Partijen hebben een affectieve relatie met elkaar gehad.
Uit de relatie van partijen is geboren: [de dochter] (hierna: [de dochter]), op [geboortedatum] 2013 te [geboorteplaats].
De moeder oefent van rechtswege het gezag over [de dochter] uit.
[de dochter] heeft het hoofdverblijf bij de moeder
.
3.2.
Bij beschikking van 13 november 2013 heeft de rechtbank [bijzondere curator] benoemd tot bijzondere curator over [de dochter].
3.3.
Bij de bestreden beschikking heeft de rechtbank, voor zover in hoger beroep van belang, het verzoek van de man tot het verlenen van vervangende toestemming als bedoeld in artikel 1:204 lid 2 BW tot erkenning van [de dochter] als zijn kind, toegewezen en derhalve de man toestemming verleend, ter vervanging van de toestemming van de moeder, tot erkenning van [de dochter].
3.4.
De moeder kan zich met deze beslissing niet verenigen en zij is hiervan in hoger beroep gekomen.
3.5.
De moeder voert - kort samengevat - aan dat haar emotionele weerstand tegen de erkenning belangrijke negatieve gevolgen heeft voor [de dochter]. De man laat zich respectloos en negatief uit jegens de moeder. De moeder is door de man toen zij zwanger was in de buik geslagen en de man heeft de moeder bedreigd. De moeder is kwetsbaar en zij heeft psychische hulp gekregen vanwege hetgeen zij in de relatie tussen partijen heeft meegemaakt.
Thans wordt de moeder door de man gestalkt, waardoor zij geen ongestoord gezinsleven met [de dochter] kan opbouwen en ook haar relatie met haar huidige partner niet kan groeien.
Van de moeder kan, mede gezien haar belaste verleden, niet worden verwacht dat zij zich over haar angst en weerstand heen zet.

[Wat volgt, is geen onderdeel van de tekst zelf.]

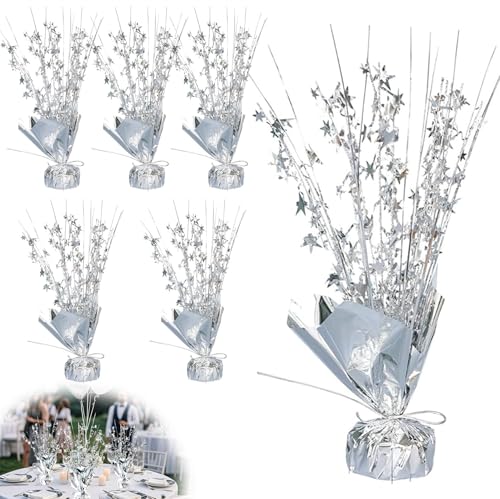 6 unidades Centros decorativos de mesa de festa, decoração de mesa estrela papel alumínio metálico, centro de festas decorativo aniversário brilhantes metálico para casamento, aniversário, prateado, férias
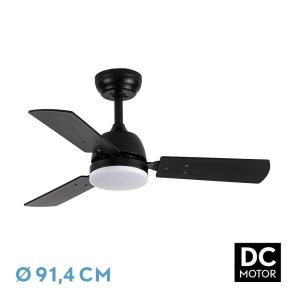 Ventilador PORTICO negro/gris.Motor DC.Diámetro: 91.4 cms.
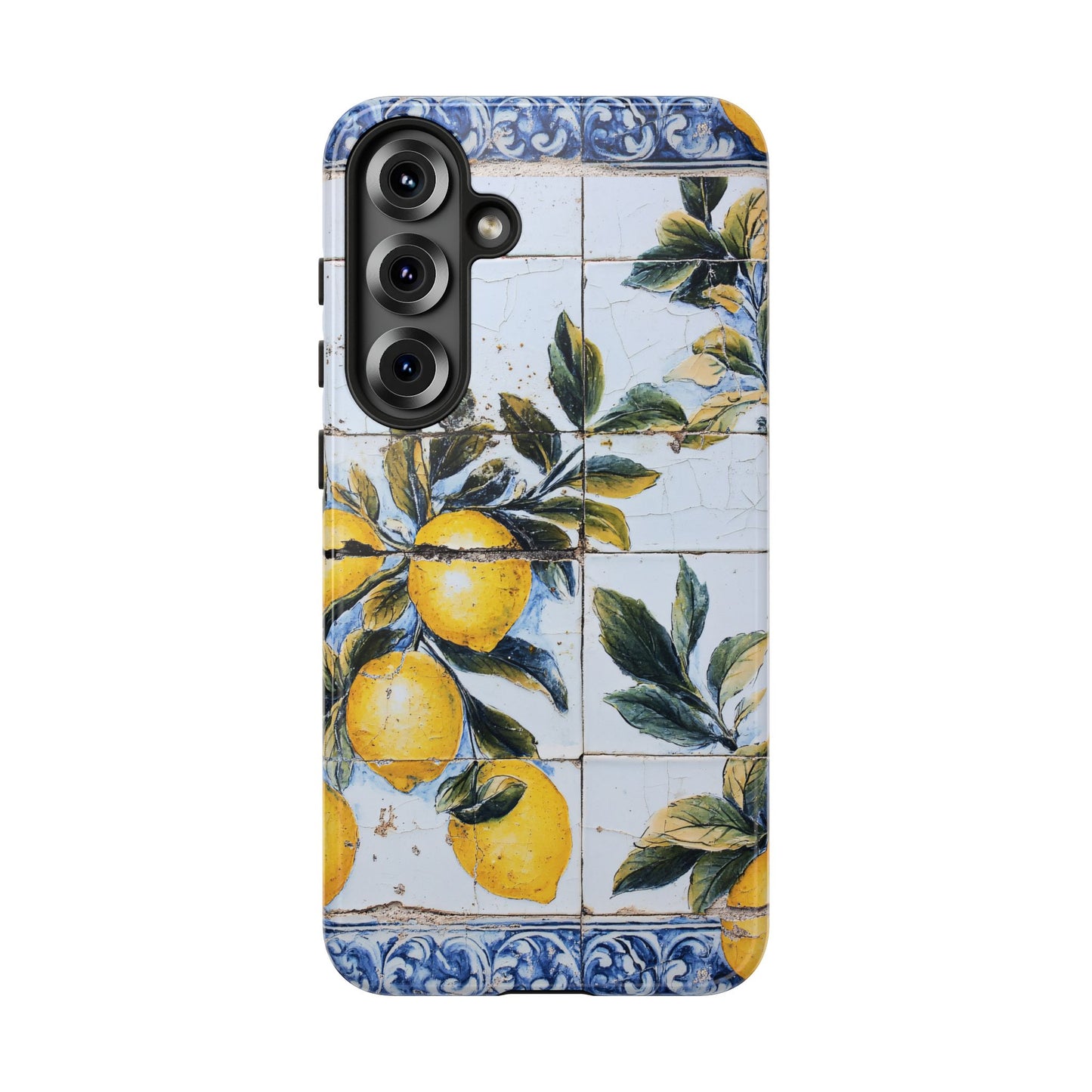 Phone Case, Coastal Tough Case With Lemons in Distressed Ceramic Tile Design, Protective Cover, Summer Accessory, Mediterranean Style iPhone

Volgens de moeder dient er, gelet op het voorgaande, op zijn minst een raadsonderzoek plaats te vinden, temeer nu de man niet bij de bijzondere curator is verschenen en ook niet ter zitting van het hof.
3.6.
De bijzondere curator is ter zitting gebleven bij zijn standpunt zoals dit is neergelegd in de stukken. De moeder heeft onvoldoende onderbouwd dat zij door de erkenning niet meer op een goede manier als moeder van [de dochter] kan functioneren.
3.7.
De raad heeft ter zitting geadviseerd de beschikking waarvan beroep te bekrachtigen.
3.8.
Het hof overweegt het volgende.
3.8.1.
Ingevolge artikel 1:204 lid 3 BW kan de toestemming (tot erkenning) van de moeder wier kind de leeftijd van zestien jaar nog niet heeft bereikt, op verzoek van de man, die het kind wil erkennen door de toestemming van de rechtbank worden vervangen, indien de erkenning de belangen van de moeder bij een ongestoorde verhouding met het kind of de belangen van het kind niet zou schaden en de man de verwekker is van het kind.
3.8.2.
Het hof stelt vast dat tussen partijen niet in geschil is dat de man de verwekker van [de dochter] is.
3.8.3.
Verder overweegt het hof dat als uitgangspunt heeft te gelden dat zowel het kind als de verwekker er aanspraak op heeft dat hun relatie rechtens wordt erkend als een familierechtelijke betrekking.
Het belang van de man bij en zijn aanspraak op erkenning van het kind moeten worden afgewogen tegen de belangen van de moeder en het kind bij niet-erkenning.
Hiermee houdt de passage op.